吉

氷上の王、ジョン・カリーの吉のレビュー・感想・評価

氷上の王、ジョン・カリー(2018年製作の映画)
4.5
フィギュアに詳しくないと監督自ら語っているが(フィギュアファンとしては少々不満な演技ブツ切りの原因はそれか)、ドキュメンタリー作家としての腕前は確か。映像、写真、手紙、本人を直接知る関係者の証言によって淡々と描いていく手法ゆえに、ジョン・カリーの表現者として、また一人の人間としての光と闇がくっきり浮かび上がる。特に後半、破綻していく彼がショーに出たくなくてとった行動が語られる場面のクラウンメイクをした無表情のショットは忘れられない。カンパニーの最後の作品となった作品『ムーンスケート』は、何かを求めて行きつ戻りつ、逡巡し懊悩し、それでも求め続けずにはいられない人間の姿を描いてただただ美しく、それゆえに癒しや慈しみも感じられ、そこに重なる言葉にも涙が止まらなかった。
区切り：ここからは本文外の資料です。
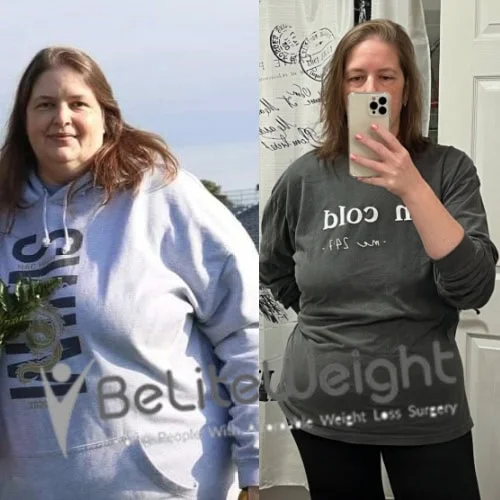 Weight Loss Surgery Before And After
十代のカリーがお小遣いで買ったバレエ音楽のレコードを大喜びで見せると、父親はがっかりして「もっと実のあるものを買え」と言ったという。その逸話にも通じる、映画の最後にインタビュアーがカリーに向けた質問。「何か社会貢献をした訳でもない、あなたの功績とは何ですか?」これに対するカリーの言葉には、芸術を愛するすべての人が心から頷くのではないだろうか。
歴史に埋もれていた偉大なスケーター、ジョン・カリーの記録映画が後世に残った意義は大きい。自分にとっても一生心に残る映画となった。